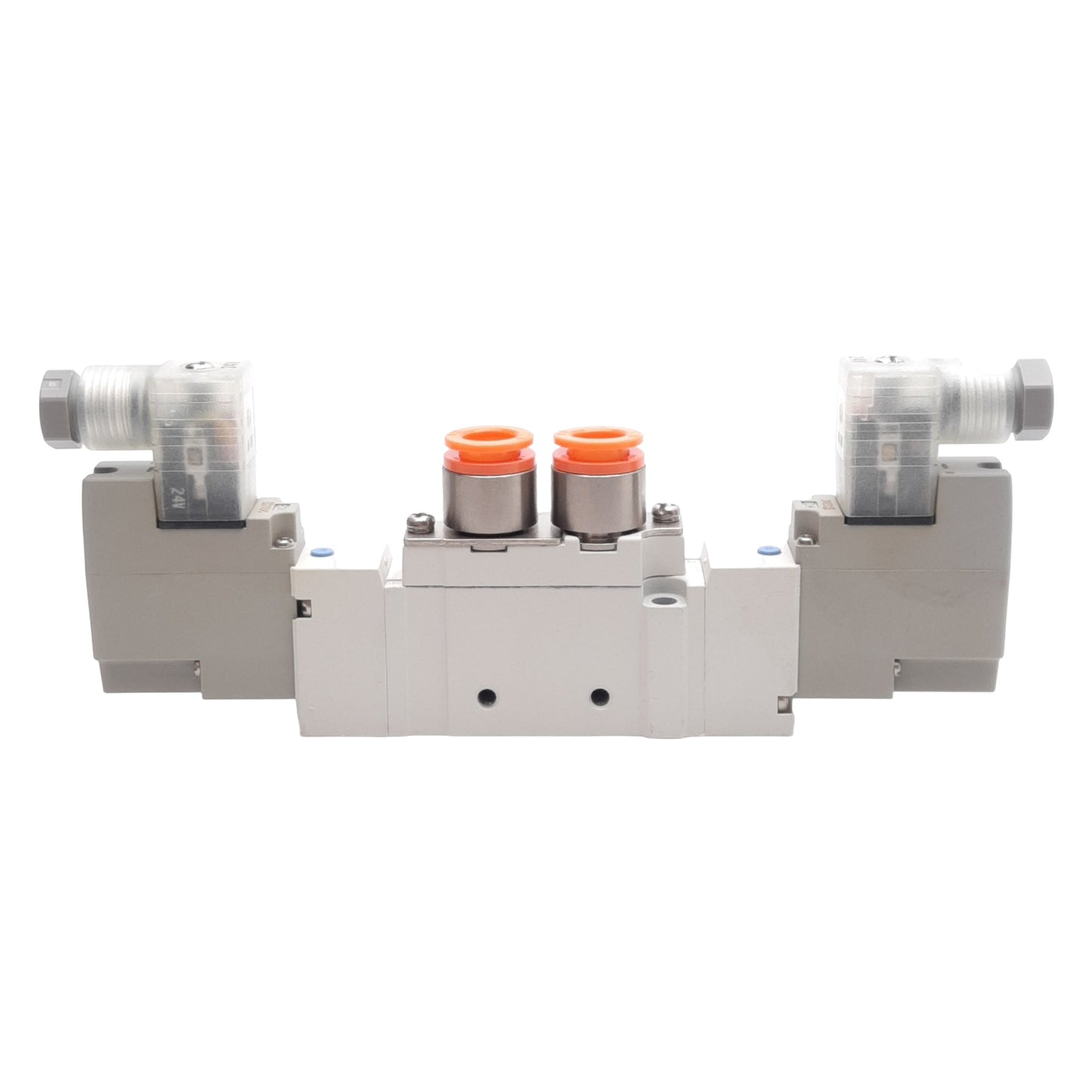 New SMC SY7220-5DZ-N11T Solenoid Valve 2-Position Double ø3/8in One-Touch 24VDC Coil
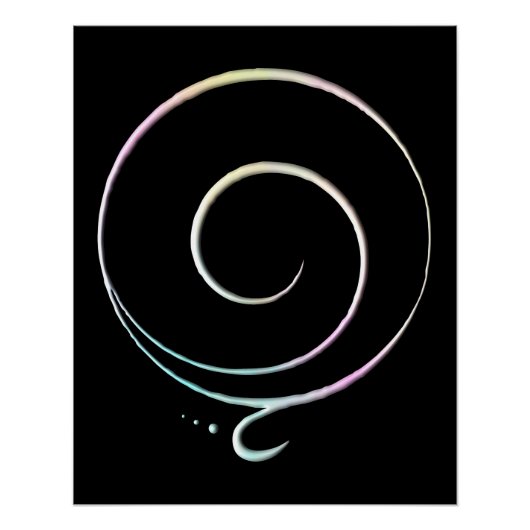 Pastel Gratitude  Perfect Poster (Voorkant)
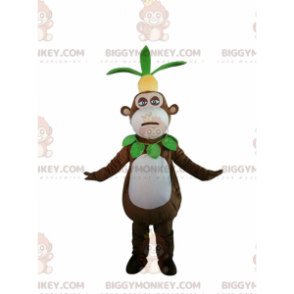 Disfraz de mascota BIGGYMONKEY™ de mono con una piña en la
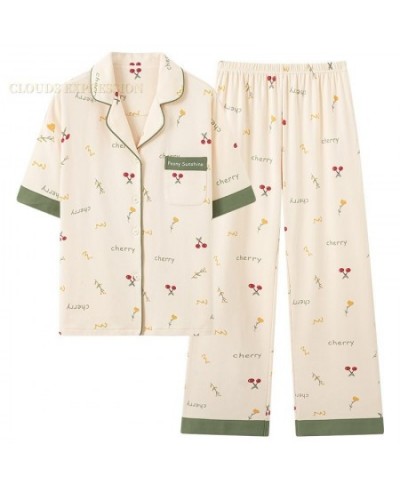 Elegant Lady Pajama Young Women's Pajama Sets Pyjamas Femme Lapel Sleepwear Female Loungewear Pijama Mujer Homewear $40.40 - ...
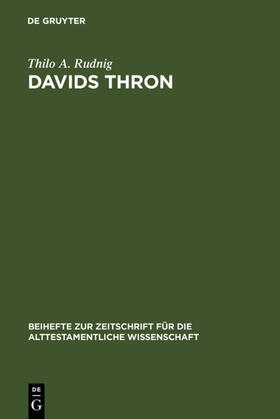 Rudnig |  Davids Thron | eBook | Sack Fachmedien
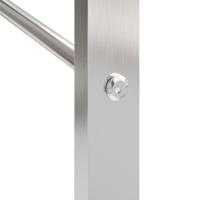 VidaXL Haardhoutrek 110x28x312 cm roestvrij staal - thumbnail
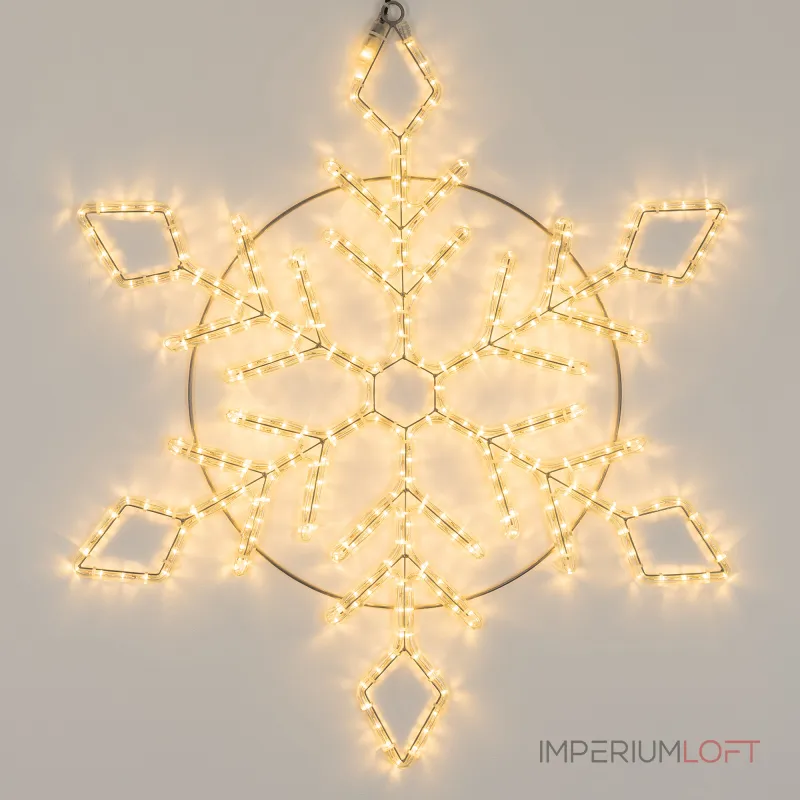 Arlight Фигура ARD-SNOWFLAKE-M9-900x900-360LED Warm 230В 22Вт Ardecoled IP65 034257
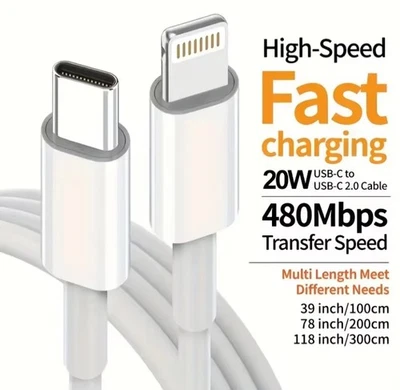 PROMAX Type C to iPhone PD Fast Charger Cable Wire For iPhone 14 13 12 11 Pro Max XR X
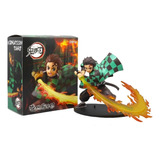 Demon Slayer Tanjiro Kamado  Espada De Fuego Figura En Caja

------------------------------------

__PROBLEM STATEMENT__
When you write out the material, reproduce each line exactly and omit any picture it holds.

__FINISHED EXERCISE__
 New SMC SY7220-5DZ-N11T Solenoid Valve 2-Position Double ø3/8in One-Touch 24VDC Coil
 Pastel Gratitude  Perfect Poster (Voorkant)
 Disfraz de mascota BIGGYMONKEY™ de mono con una piña en la
 Elegant Lady Pajama Young Women's Pajama Sets Pyjamas Femme Lapel Sleepwear Female Loungewear Pijama Mujer Homewear $40.40 - ...
 Rudnig |  Davids Thron | eBook | Sack Fachmedien
 VidaXL Haardhoutrek 110x28x312 cm roestvrij staal - thumbnail
 Arlight Фигура ARD-SNOWFLAKE-M9-900x900-360LED Warm 230В 22Вт Ardecoled IP65 034257
 PROMAX Type C to iPhone PD Fast Charger Cable Wire For iPhone 14 13 12 11 Pro Max XR X
 Demon Slayer Tanjiro Kamado  Espada De Fuego Figura En Caja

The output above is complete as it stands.